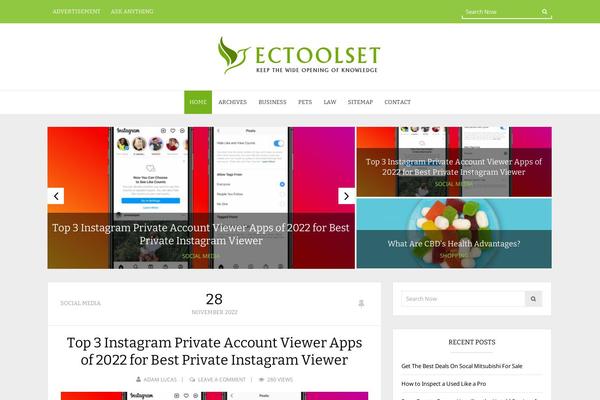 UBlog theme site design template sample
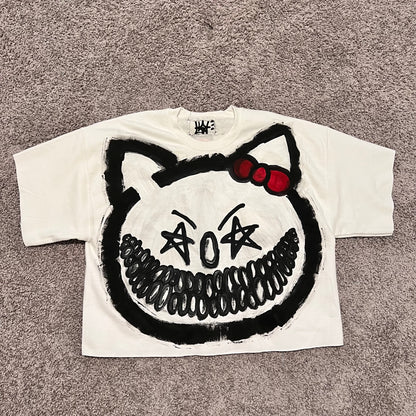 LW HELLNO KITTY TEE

+-------+

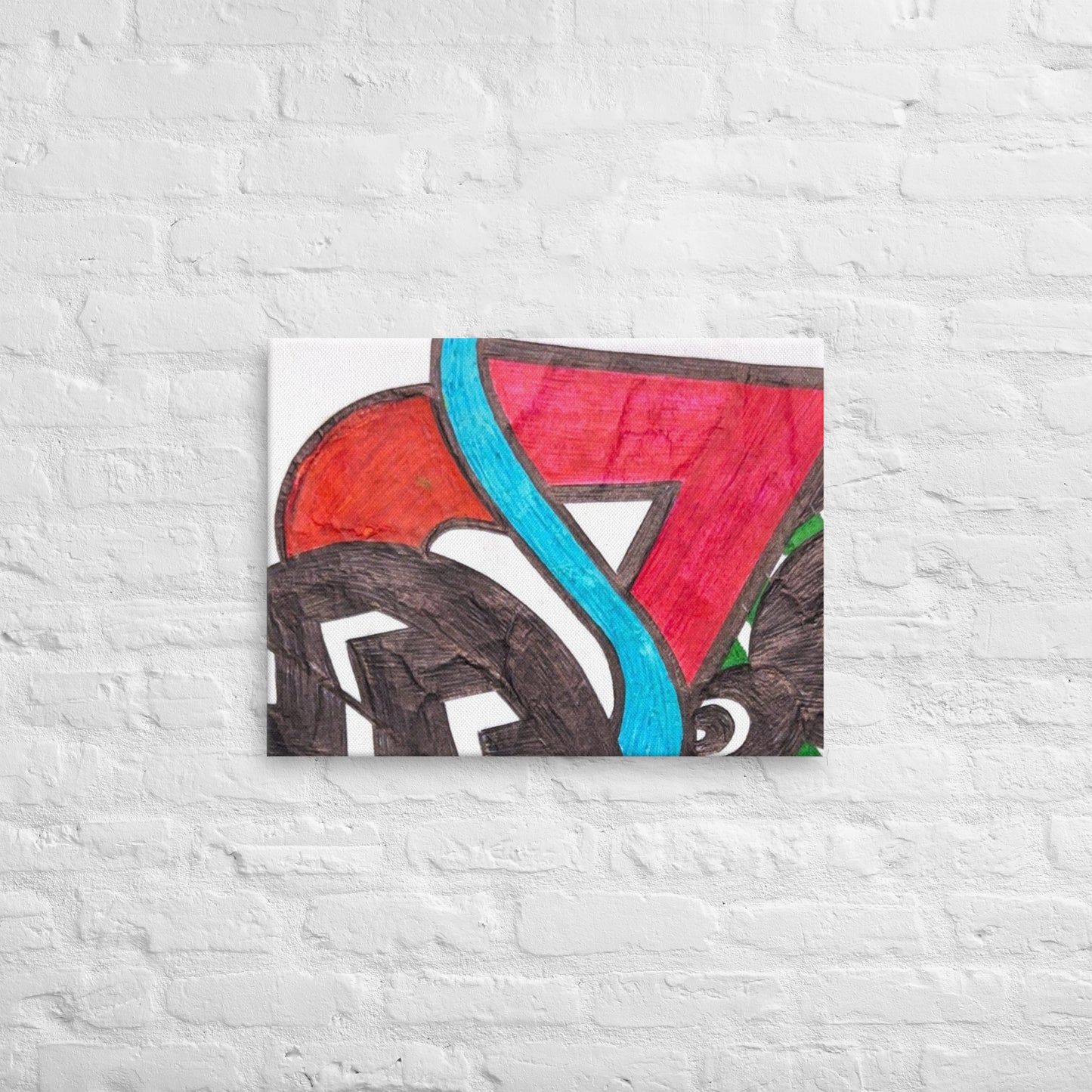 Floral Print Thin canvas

+-------+

# [REQUIRED ACTION]
In the listing above, find the line containing "UBlog theme site design template sample". Output it and every line after it up to and including the line containing "LW HELLNO KITTY TEE", exactly, but skip the pictures.

# [EXERCISE RESPONSE]
 UBlog theme site design template sample
 LW HELLNO KITTY TEE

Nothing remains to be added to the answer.